>>>

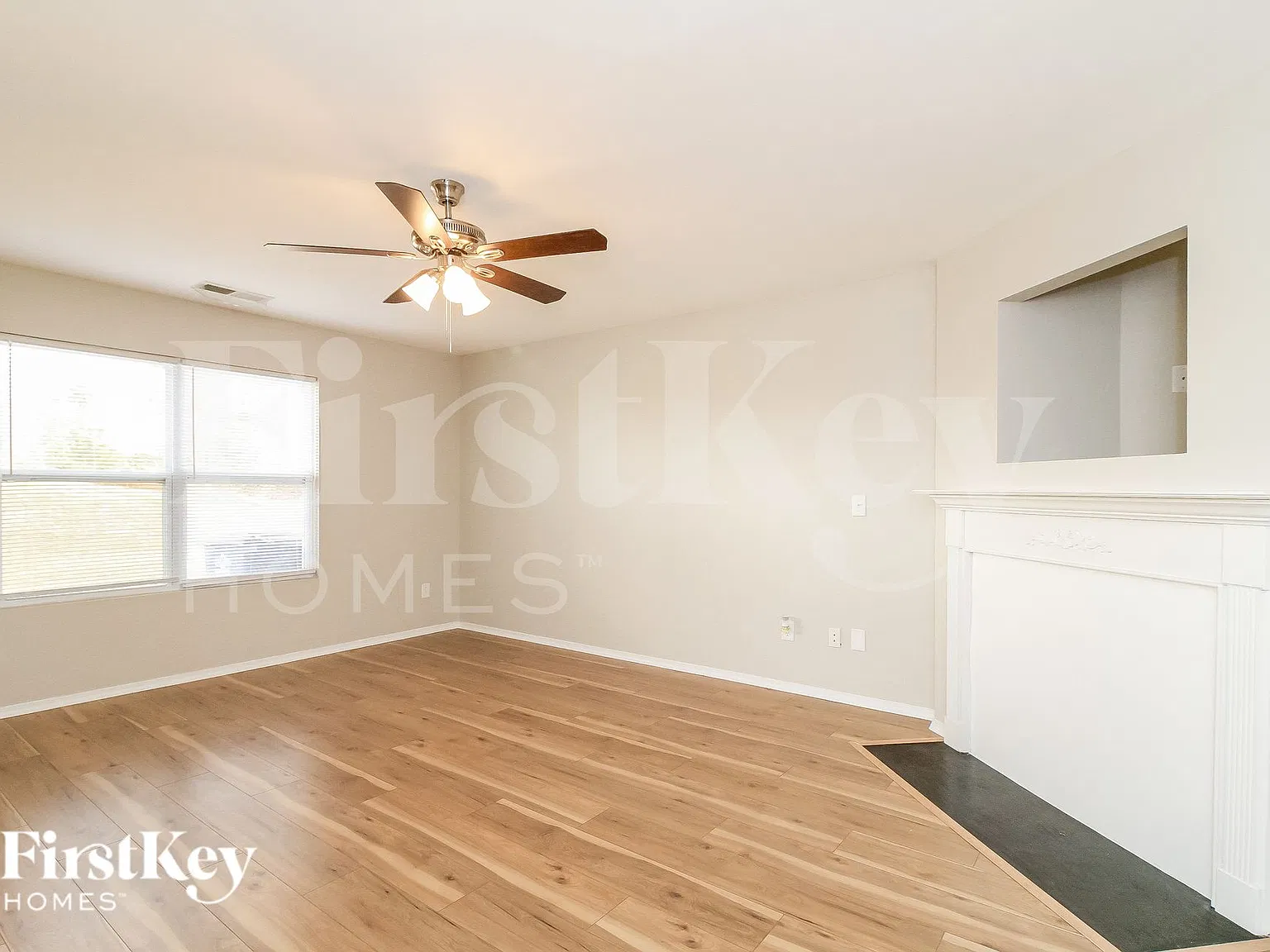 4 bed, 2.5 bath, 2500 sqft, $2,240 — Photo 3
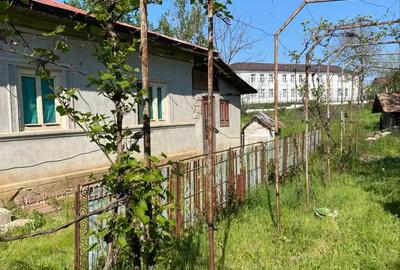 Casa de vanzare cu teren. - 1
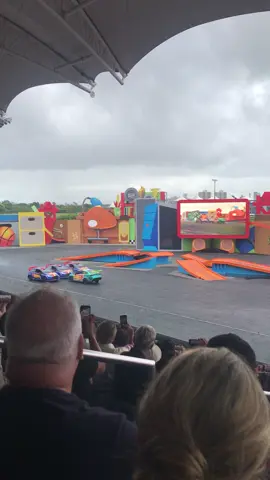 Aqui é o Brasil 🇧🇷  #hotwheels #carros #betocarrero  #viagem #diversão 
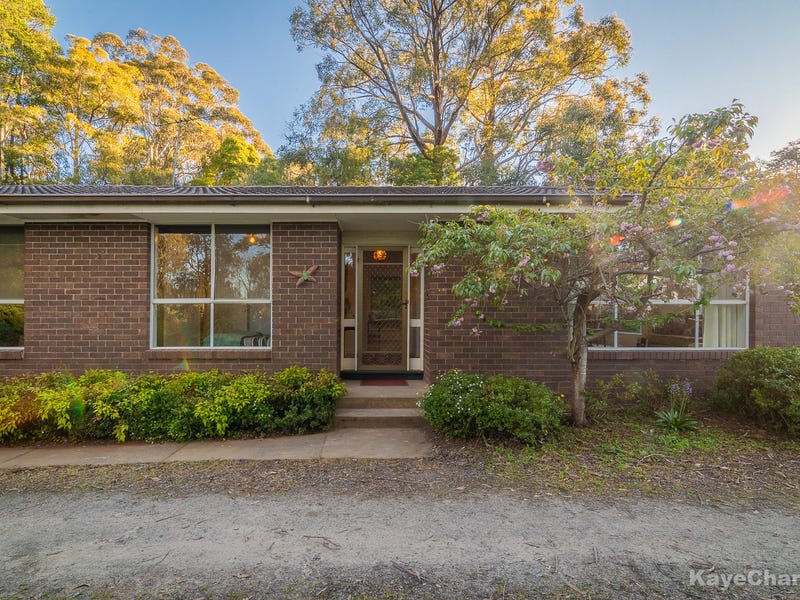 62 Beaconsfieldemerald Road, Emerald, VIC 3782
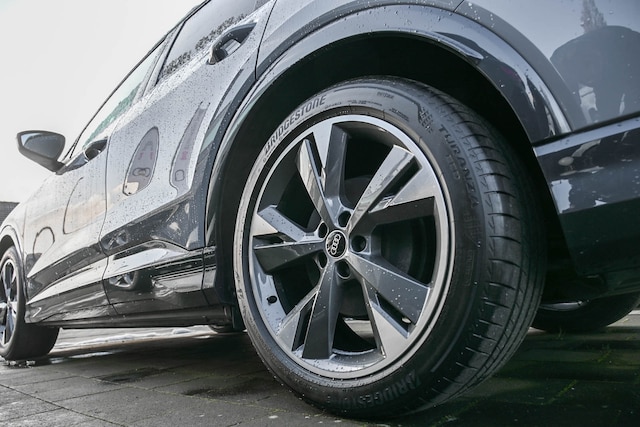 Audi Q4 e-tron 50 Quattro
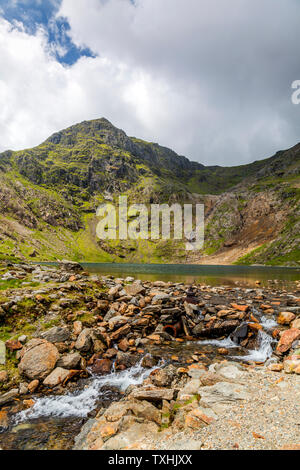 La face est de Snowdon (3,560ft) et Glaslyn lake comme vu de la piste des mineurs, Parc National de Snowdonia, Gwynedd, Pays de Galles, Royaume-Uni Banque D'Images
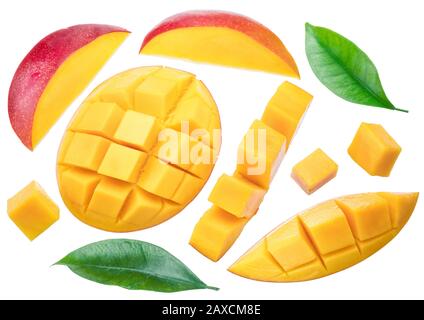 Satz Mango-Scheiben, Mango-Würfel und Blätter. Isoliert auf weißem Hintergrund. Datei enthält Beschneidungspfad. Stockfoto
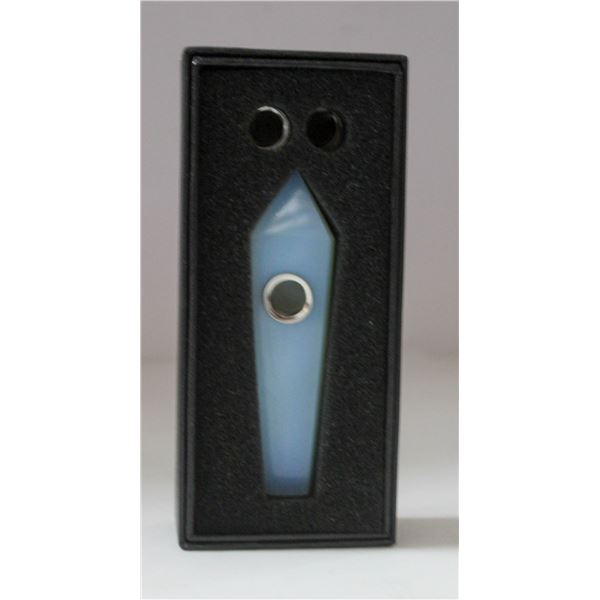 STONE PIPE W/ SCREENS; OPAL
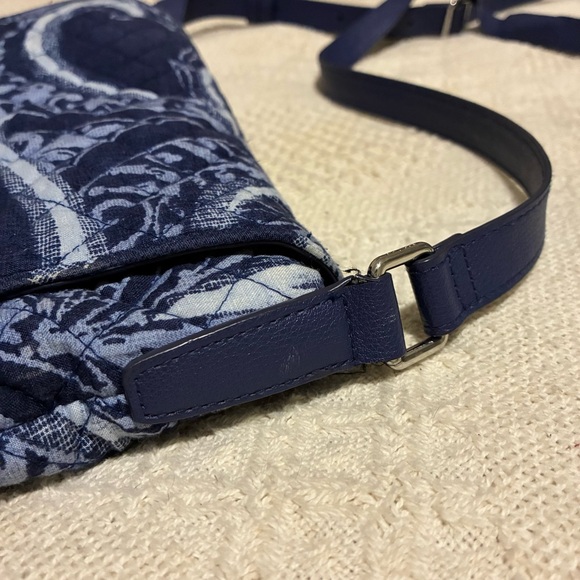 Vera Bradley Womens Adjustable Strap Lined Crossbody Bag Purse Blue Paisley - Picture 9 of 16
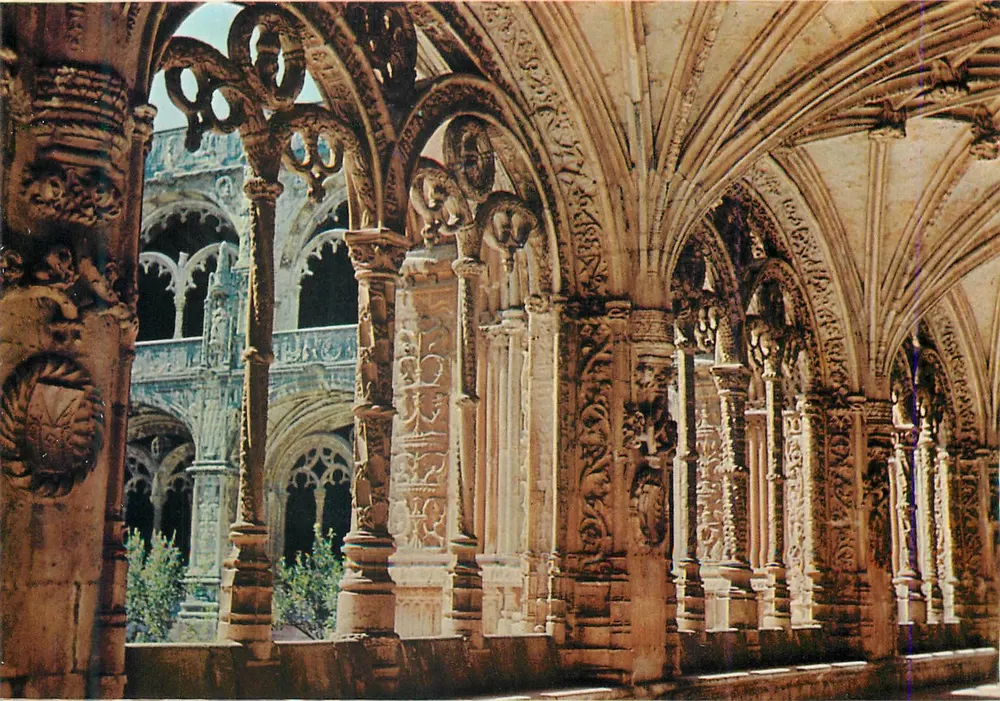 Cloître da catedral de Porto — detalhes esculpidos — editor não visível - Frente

<<<
>>>

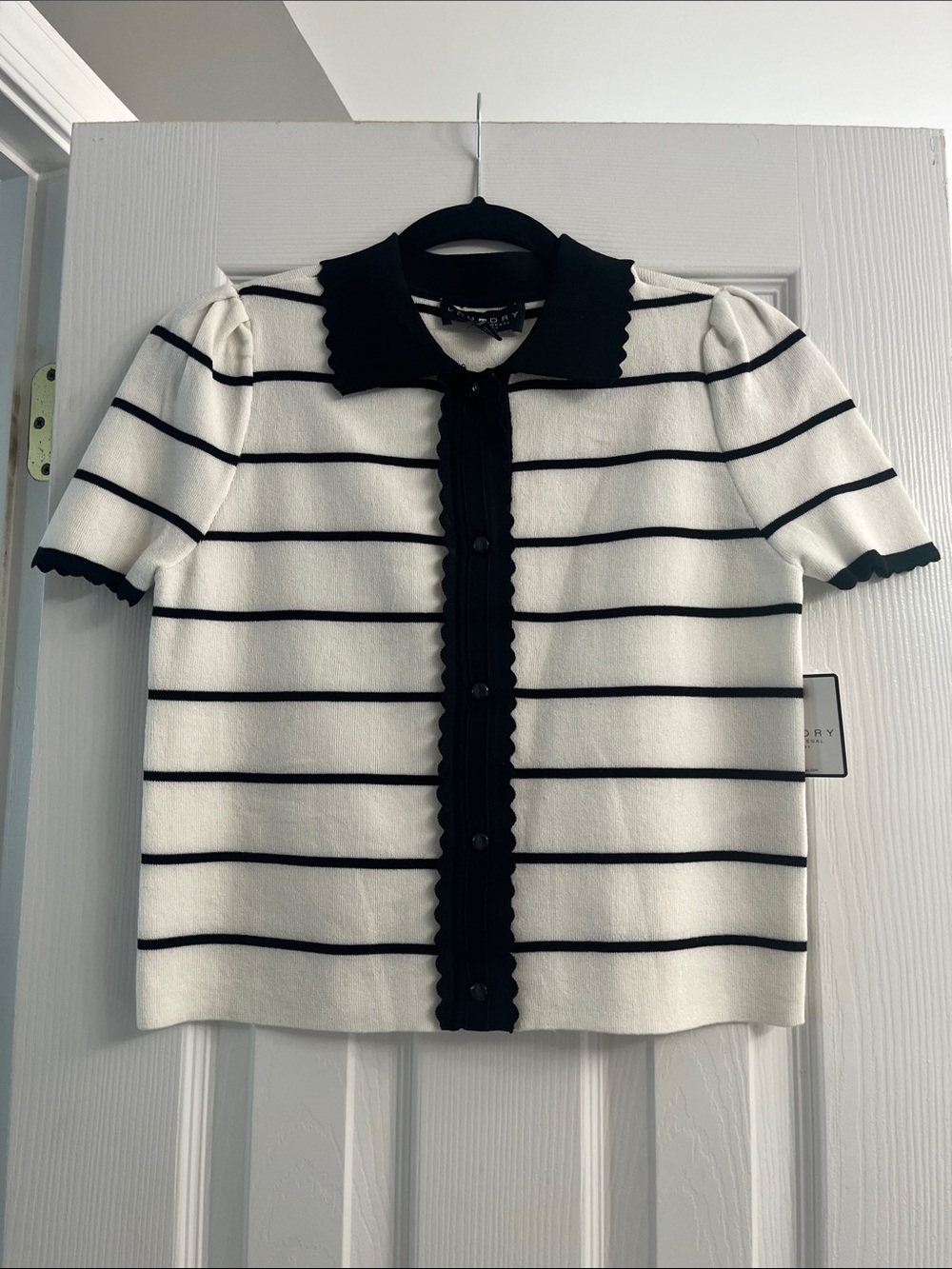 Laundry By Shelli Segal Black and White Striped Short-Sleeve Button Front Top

<<<
>>>

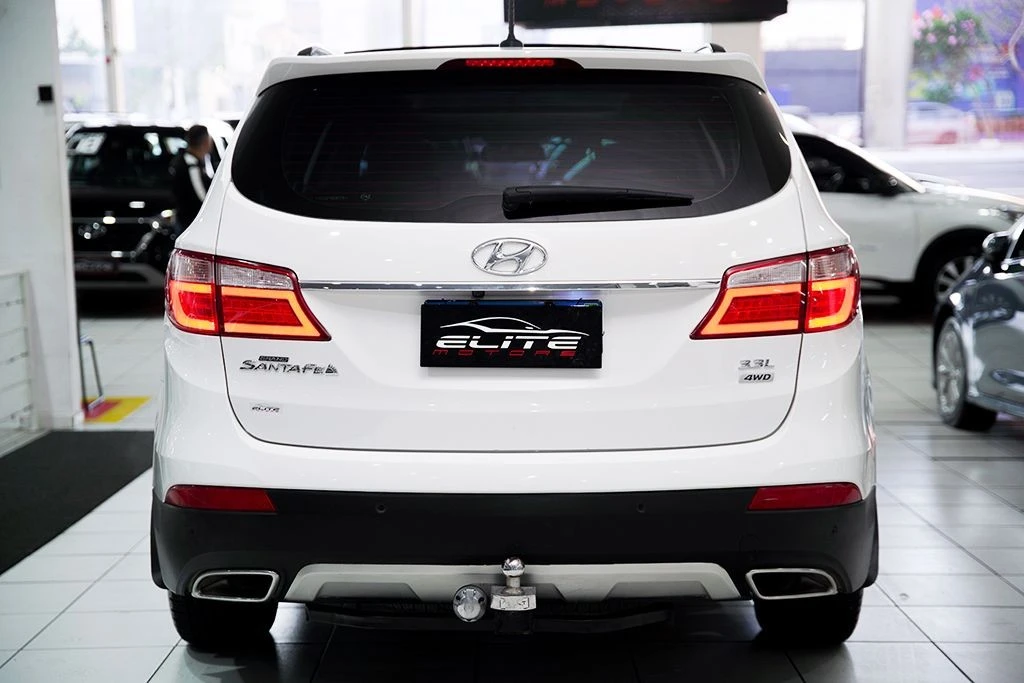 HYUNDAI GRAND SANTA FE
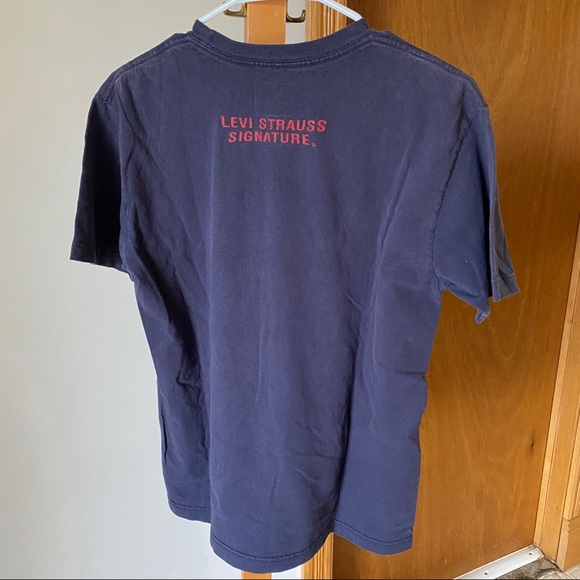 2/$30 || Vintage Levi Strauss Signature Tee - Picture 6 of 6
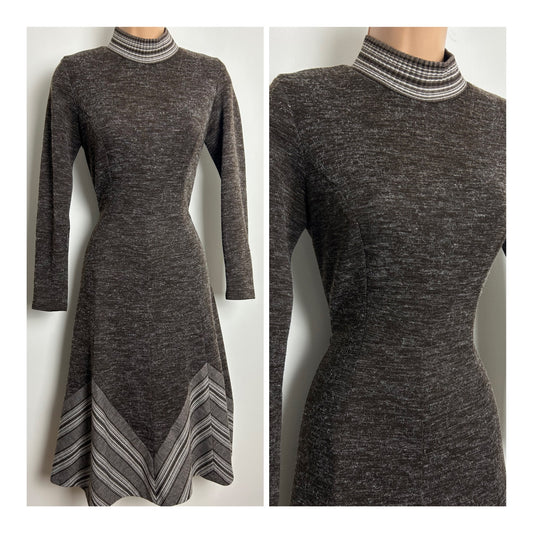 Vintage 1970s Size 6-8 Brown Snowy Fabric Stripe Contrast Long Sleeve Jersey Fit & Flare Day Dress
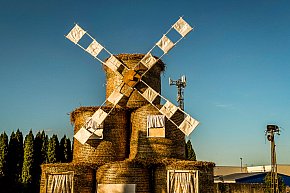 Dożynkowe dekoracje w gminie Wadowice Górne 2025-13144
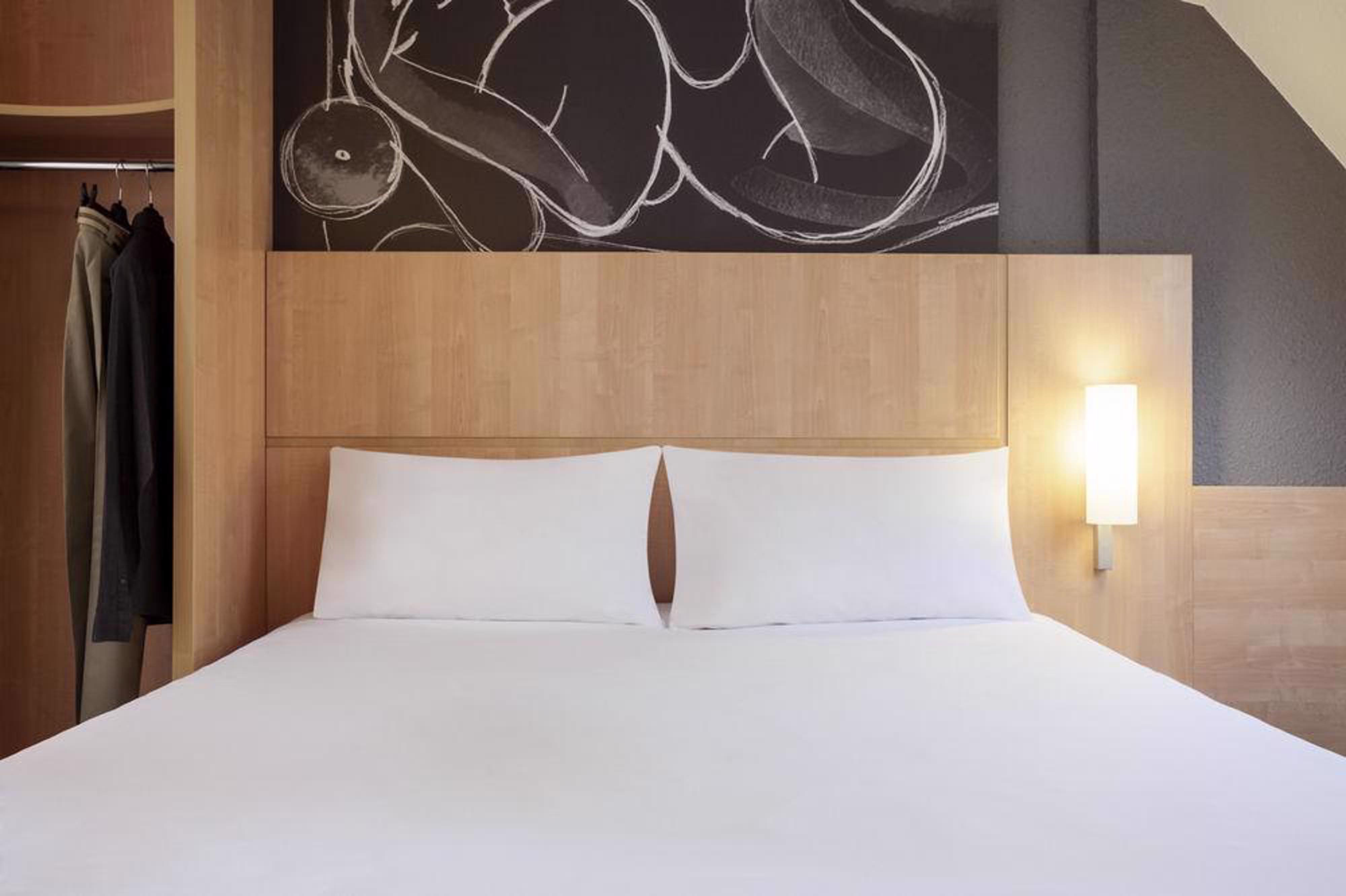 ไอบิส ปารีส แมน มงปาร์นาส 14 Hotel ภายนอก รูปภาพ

<<<

**The task:** Return exactly the lines of the material above, starting at the line containing "4 bed, 2.5 bath, 2500 sqft, $2,240 — Photo 3" and finishing at the line containing "STONE PIPE W/ SCREENS; OPAL", without any pictures.

**Task solution:**
 4 bed, 2.5 bath, 2500 sqft, $2,240 — Photo 3
 Casa de vanzare cu teren. - 1
 Aqui é o Brasil 🇧🇷  #hotwheels #carros #betocarrero  #viagem #diversão 
 62 Beaconsfieldemerald Road, Emerald, VIC 3782
 Audi Q4 e-tron 50 Quattro
 La face est de Snowdon (3,560ft) et Glaslyn lake comme vu de la piste des mineurs, Parc National de Snowdonia, Gwynedd, Pays de Galles, Royaume-Uni Banque D'Images
 Satz Mango-Scheiben, Mango-Würfel und Blätter. Isoliert auf weißem Hintergrund. Datei enthält Beschneidungspfad. Stockfoto
 STONE PIPE W/ SCREENS; OPAL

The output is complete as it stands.